BEGIN

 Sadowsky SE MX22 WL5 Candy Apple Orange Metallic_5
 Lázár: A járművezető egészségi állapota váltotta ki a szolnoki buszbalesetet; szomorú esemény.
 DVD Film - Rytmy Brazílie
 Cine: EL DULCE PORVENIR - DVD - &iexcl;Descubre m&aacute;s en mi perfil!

END
BEGIN

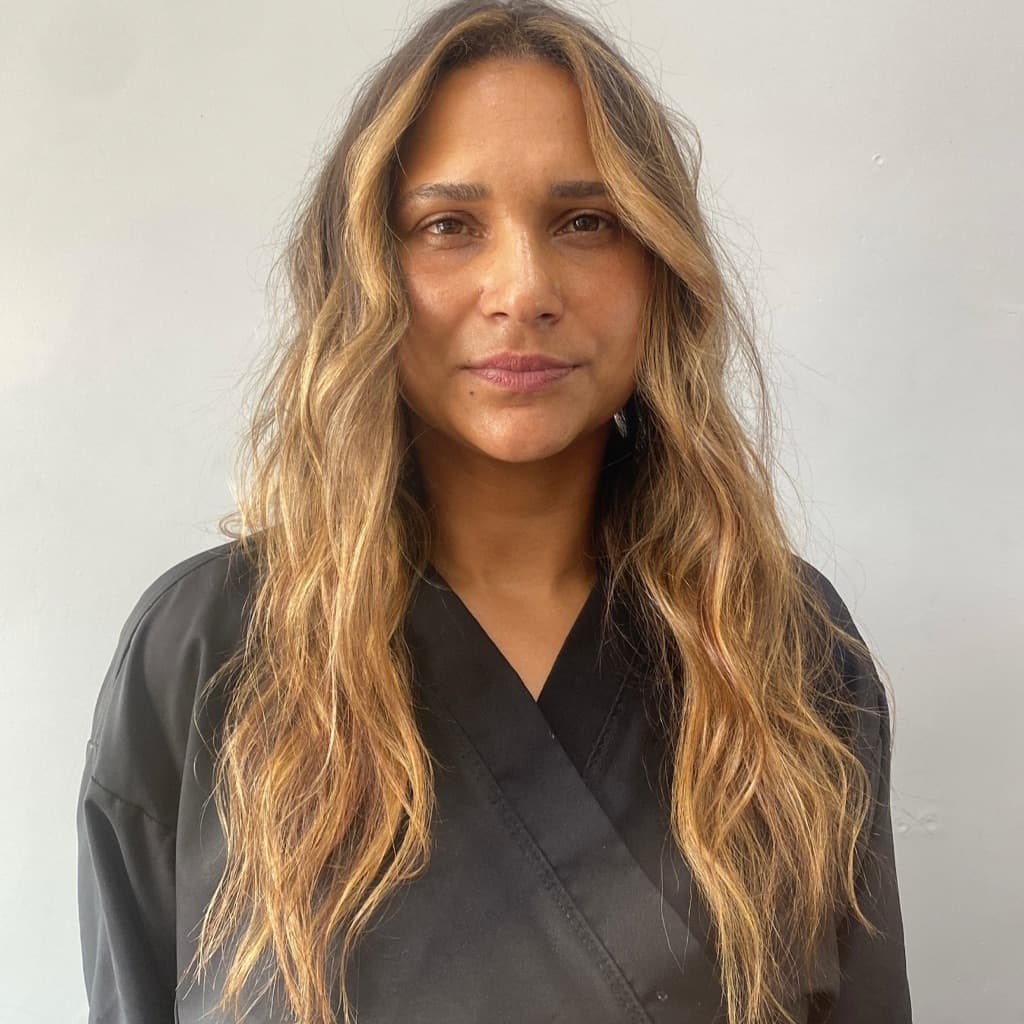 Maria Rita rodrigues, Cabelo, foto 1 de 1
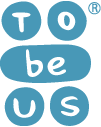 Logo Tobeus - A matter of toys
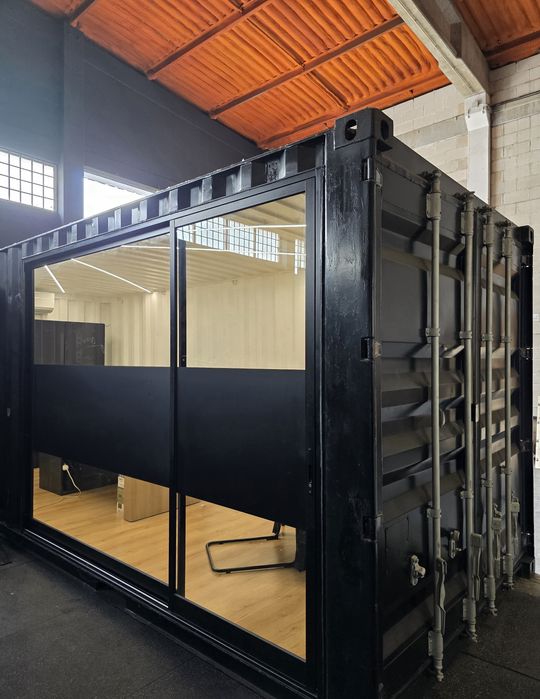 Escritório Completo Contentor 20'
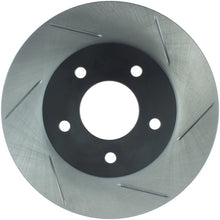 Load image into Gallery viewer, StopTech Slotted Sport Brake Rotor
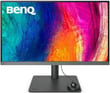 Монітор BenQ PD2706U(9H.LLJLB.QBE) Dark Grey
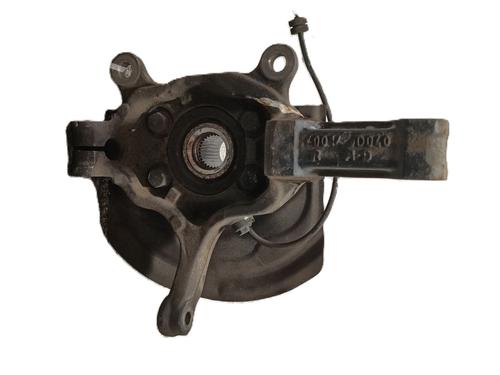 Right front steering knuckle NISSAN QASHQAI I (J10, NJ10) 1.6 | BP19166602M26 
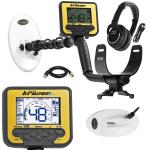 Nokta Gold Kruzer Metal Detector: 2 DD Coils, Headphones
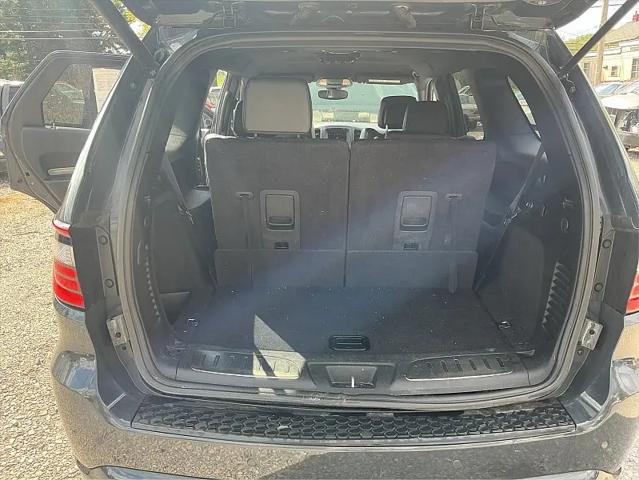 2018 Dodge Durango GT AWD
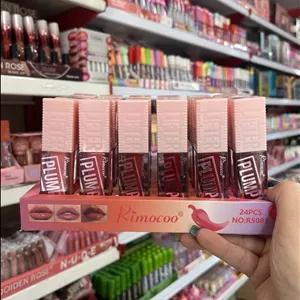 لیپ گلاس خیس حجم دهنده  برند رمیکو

END
BEGIN

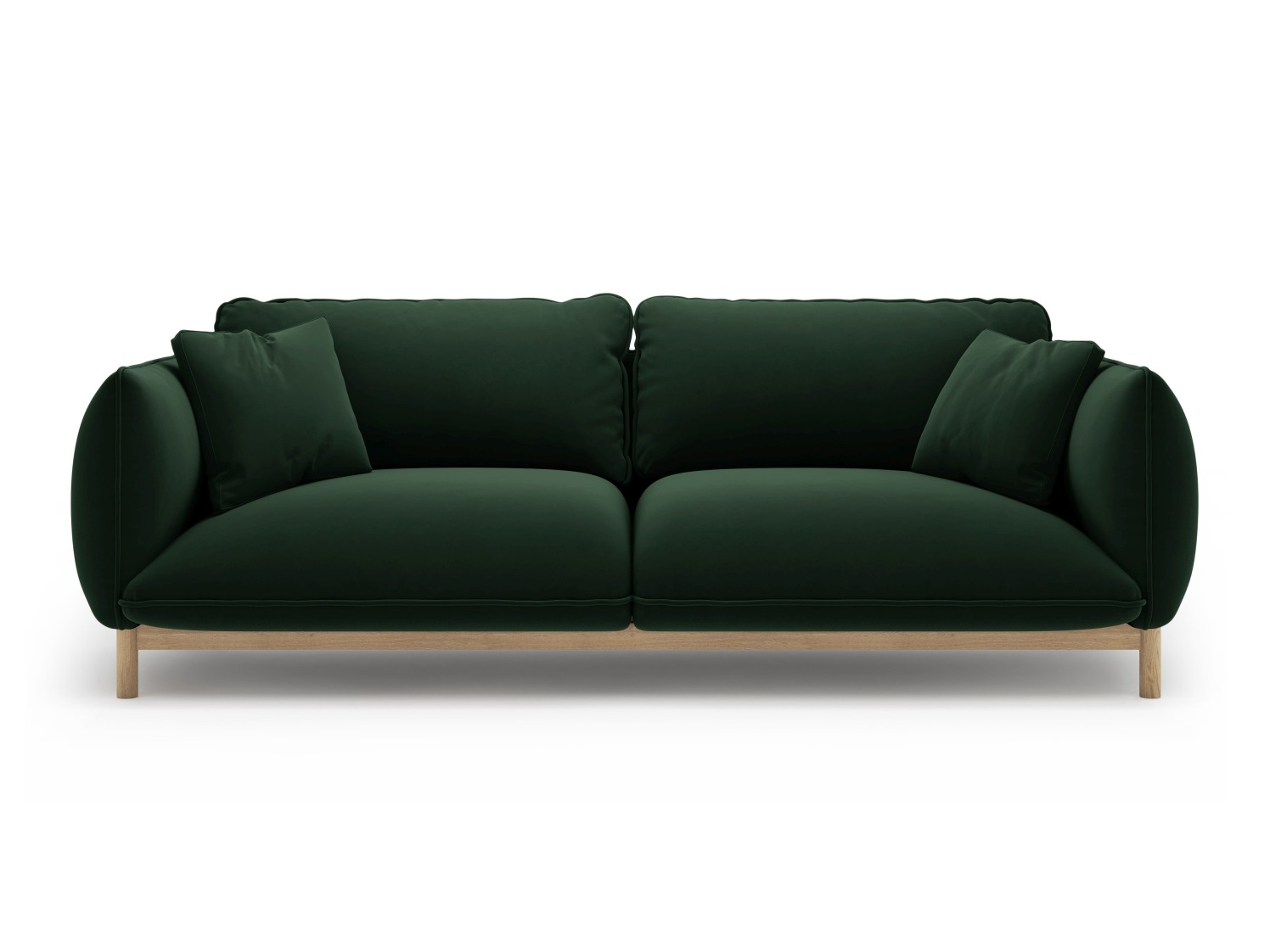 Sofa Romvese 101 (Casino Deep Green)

END

== Task brief ==
Output, from the data above, the lines from the line with "Sadowsky SE MX22" to the line with "Cine: EL DULCE" exactly as they stand, both ends included and nothing else.

== Written solution ==
 Sadowsky SE MX22 WL5 Candy Apple Orange Metallic_5
 Lázár: A járművezető egészségi állapota váltotta ki a szolnoki buszbalesetet; szomorú esemény.
 DVD Film - Rytmy Brazílie
 Cine: EL DULCE PORVENIR - DVD - &iexcl;Descubre m&aacute;s en mi perfil!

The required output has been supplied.